Lawmakers request more details on agency gag order reports
- By Derek B. Johnson
- Feb 15, 2017
In the wake of reports that the Trump administration has imposed a gag order on an unspecified number of federal agencies, a bipartisan pair of congressman sent a letter to each cabinet agency requesting more information on how they are implementing any new nondisclosure directives.
The order, reportedly implemented a week after President Donald Trump’s inauguration, bars agencies such as the Environmental Protection Agency and the Department of Agriculture from communicating with the public and press. It is unknown how many other agencies may be affected.
Representatives Gerry Connolly (D-VA) and Mark Meadows (R-NC) have asked that each agency provide more information by Feb. 20, 2017 on any new nondisclosure policies that have been implemented since January 1 and whether such an order would impact their ability to communicate agency actions to Congress. Both Connolly and Meadows sit on the House Oversight and Government Reform committee.
“Recently there have been news reports that guidance in some agencies raised concerns regarding the implications for federal employees’ personal communications including, in some instances, communications with Congress,” they wrote in the letter.

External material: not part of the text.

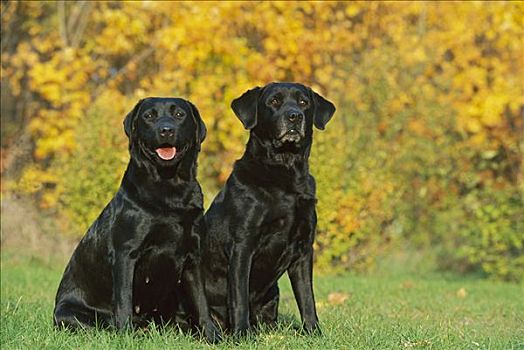 黑色拉布拉多犬,狗,一对,坐,靠近,秋叶
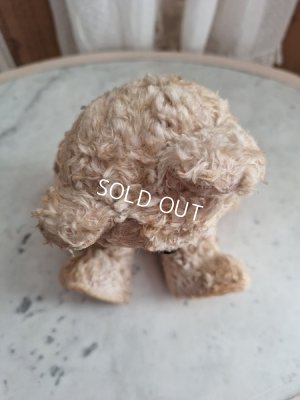 画像16: アンティークテディベア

The congressmen also want to know how agencies are interpreting this new order in light of an anti-gag law that requires any nondisclosure agreement to contain language explicitly exempting federal workers who convey information that qualifies under whistleblower protection statutes or those with obligations to report relevant information to Congress.
“We want to ensure that this [anti-gag] law is fully implemented,” the letter states.